—Era una especie de versión oriental de Robin Hood. Me acuerdo muy bien de
la carátula: con una melodía de fondo que aún podría tararear, las imágenes
mostraban un ejército informal de hombres a pie y a caballo cargados con armas
y estandartes, mientras la voz en off del narrador recitaba un par de frases
siempre idénticas: “Los antiguos sabios decían que no hay que despreciar a la
serpiente por no tener cuernos; quizás algún día reencarne en dragón. Del mismo
modo, un hombre solo puede convertirse en ejército”. El argumento general era
simple. Estaba ambientada en la Edad Media, cuando gobernaba China no sé qué
dinastía y el imperio había caído en manos de Kao Chiu, el favorito del
emperador, un hombre corrupto y cruel que había convertido una tierra próspera
en un desierto sin futuro. Contra la opresión solo se levantaba un grupo de
hombres rectos capitaneado por el antiguo guardia imperial Lin Chung; entre
ellos había una mujer: Hu San-Niang, el lugarteniente más fiel de Lin Chung.
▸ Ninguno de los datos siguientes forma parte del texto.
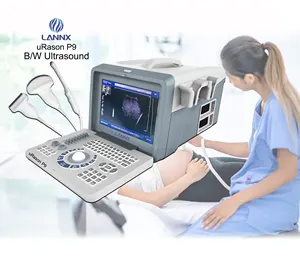 LANNX uRason P9 Neue Produkte Tragbarer Eco graph Digital Laptop Schwarz-Weiß-Schwangerschaft Ultraschall-Fetal-Ultraschall gerät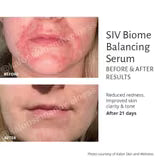 SIV Biome Balancing Serum-15 mL.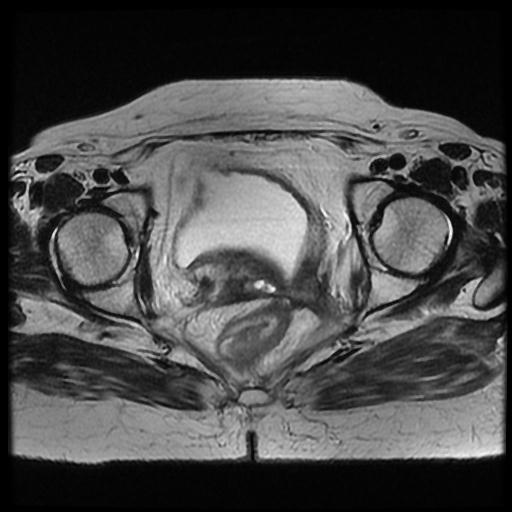 File:Cervical carcinoma (Radiopaedia 70924-81132 Axial T2 11).jpg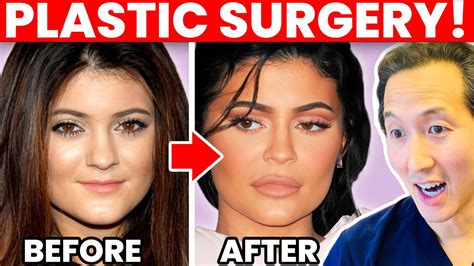 Plastic Surgeon Reacts To Kylie Jenner Cosmetic Surgery Transformation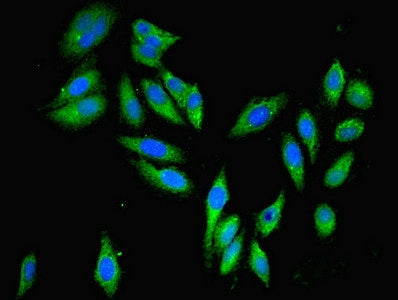 Immunofluorescent analysis of Hela cells using PARP3 Antibody at dilution of 1:100 and Alexa Fluor 488-congugated AffiniPure Goat Anti-Rabbit IgG(H+L)Rabbit anti-Human PARP3 Polyclonal Antibody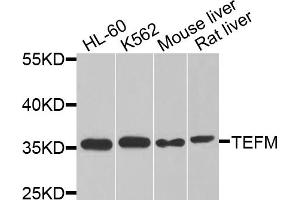 Western blot analysis of extracts of various cell lines, using TEFM antibody.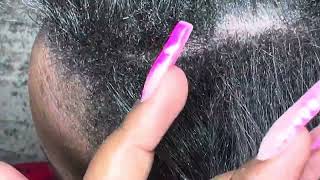 ITCHY DRY SCALP  FLAKY  DANDRUFF HAIR SCRATCHING ASMR [upl. by Adan722]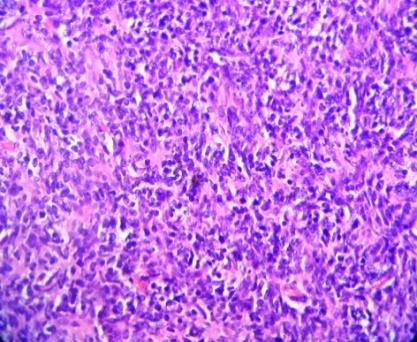 Figure 2: Mixture of neoplastic epithelial cells and lymphocytes (Hematoxylin and Eosin stain 10x view).
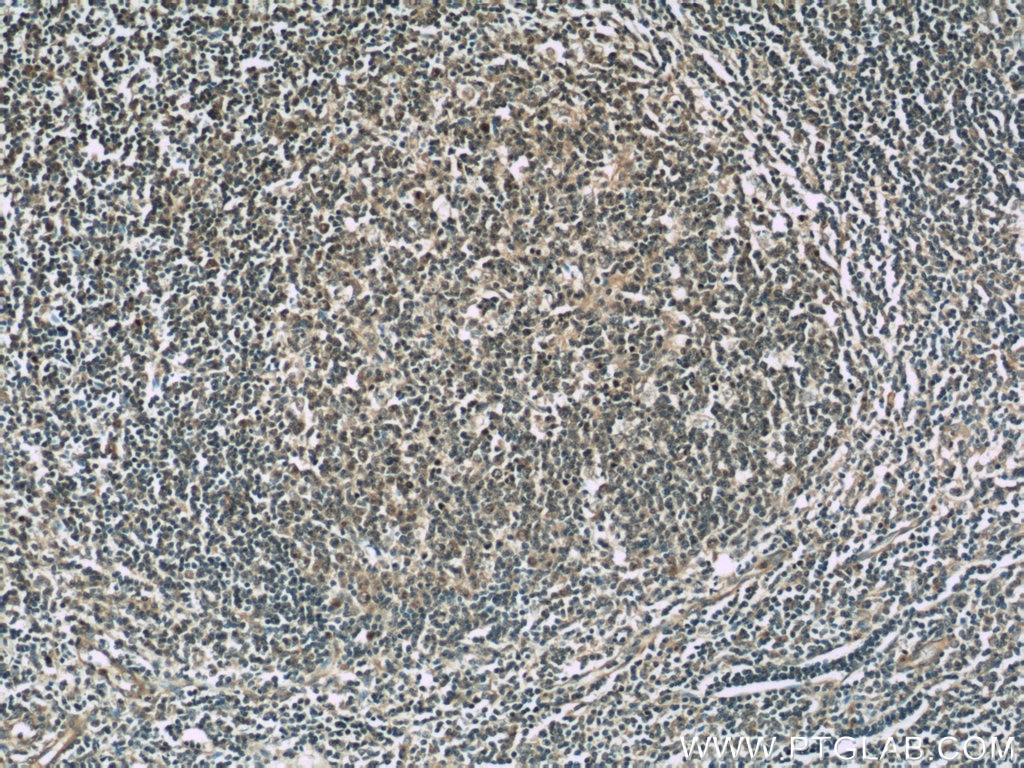 Immunohistochemistry (IHC) staining of human tonsillitis tissue using TFPT Polyclonal antibody (10097-2-AP)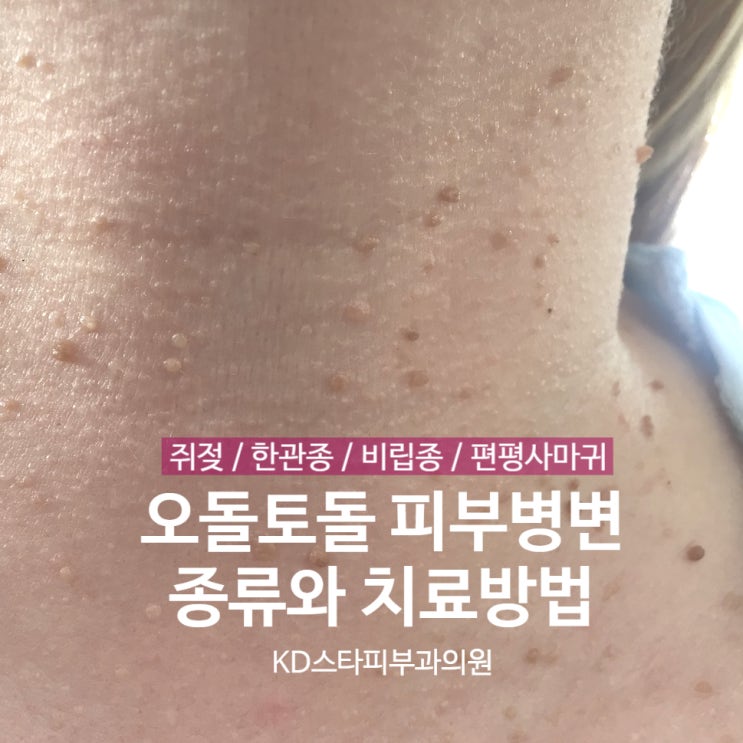 피부에 오돌토돌, 쥐젖 한관종 비립종 편평사마귀_KD스타피부과 : 네이버 블로그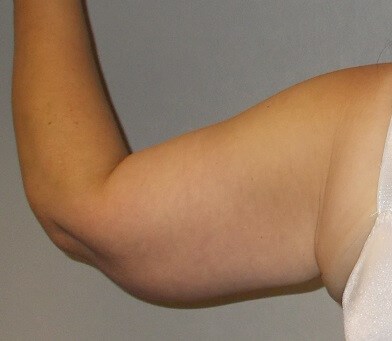 Back View Left Arm After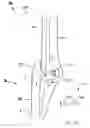 Fig. 43 - Modular total elbow prosthesis, humeral component and associated kit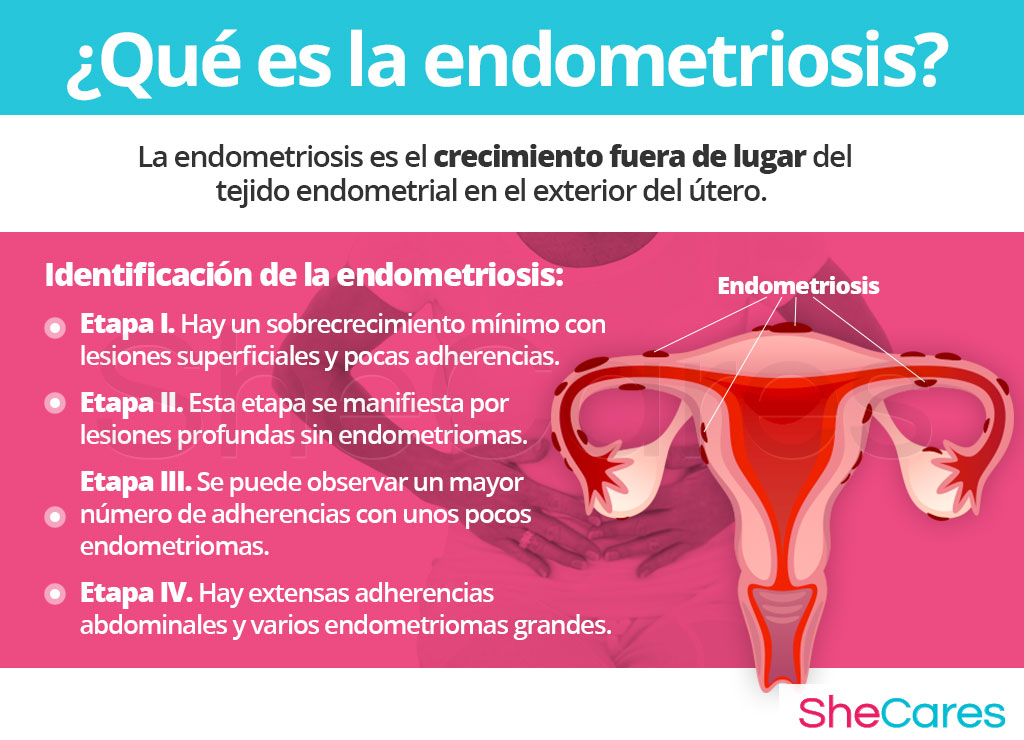 ¿Qué es la endometriosis?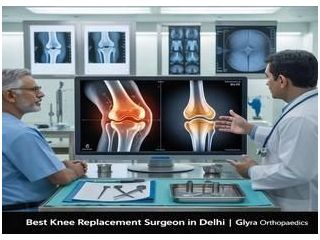 best-knee-replacement-surgeon-in-delhi-for-faster-recovery-small-0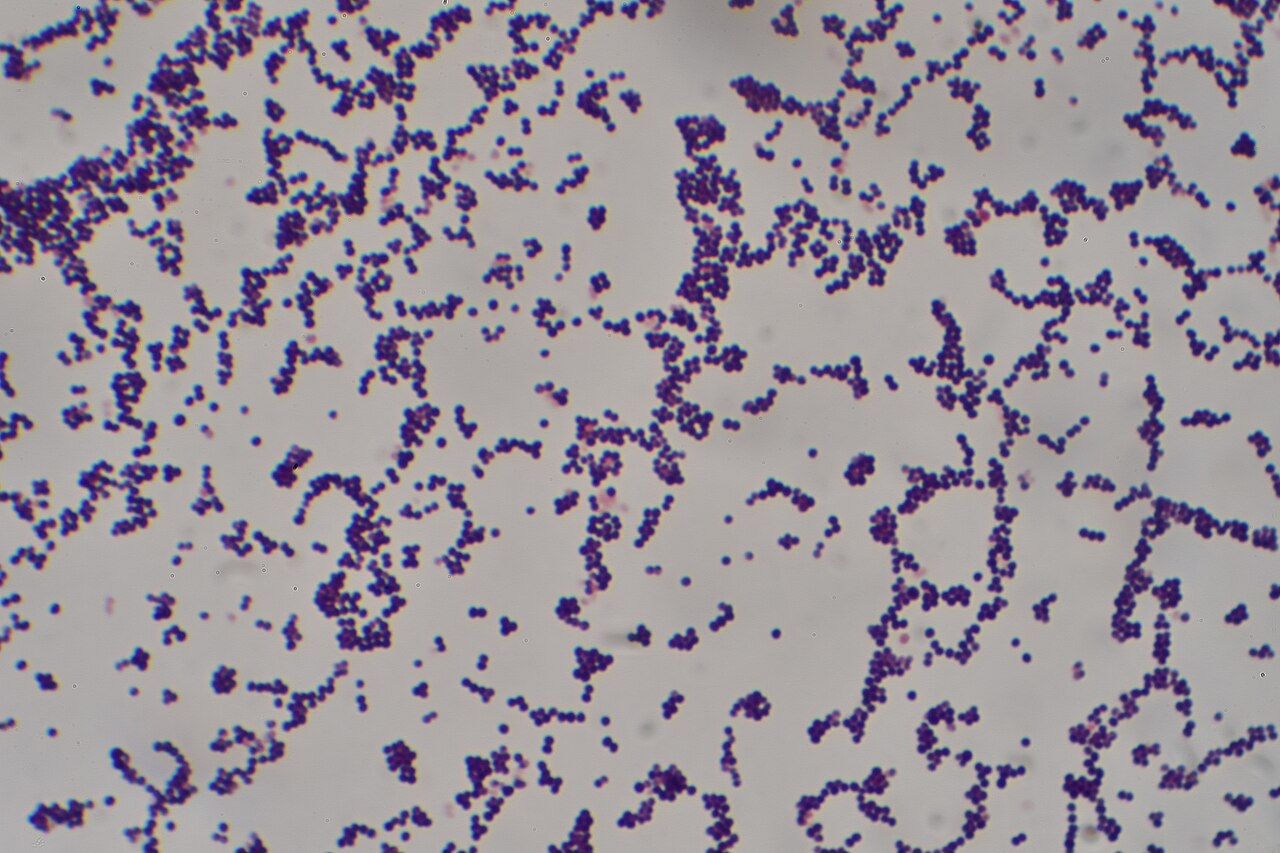 Reference Gram stain of Staphylococcus aureus, not a patient culture, showing purple gram-positive cocci in clusters and short chains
Los integrantes de ese grupo estaban condenados por la justicia del opresor a
una vida de forajidos en las riberas del Liang Shan Po, un río cercano a la
capital que también era la frontera azul del título, una frontera real pero
sobre todo una frontera simbólica: la frontera entre el bien y el mal, entre la
justicia y la injusticia. Por lo demás, todos los episodios de la seri seguían
un esquema parecido: a causa de las vejaciones infligidas por Kao Chiu, uno o
varios ciudadanos honrados se veían obligados a cruzar al otro lado del Liang
Shan Po para unirse a los bandoleros honrados de Lin Chung y Hu San-Niang. Esa
era la hisotia que se repetía sin demasiadas variaciones en cada capítulo.
—Y usted de algún modo empezó a identificarse con ella.
—Quite el de algún modo: ¿para qué sirven las historias si no es para
identificarse ellas? Y sobre todo: ¿para qué le sirven a un adolescente?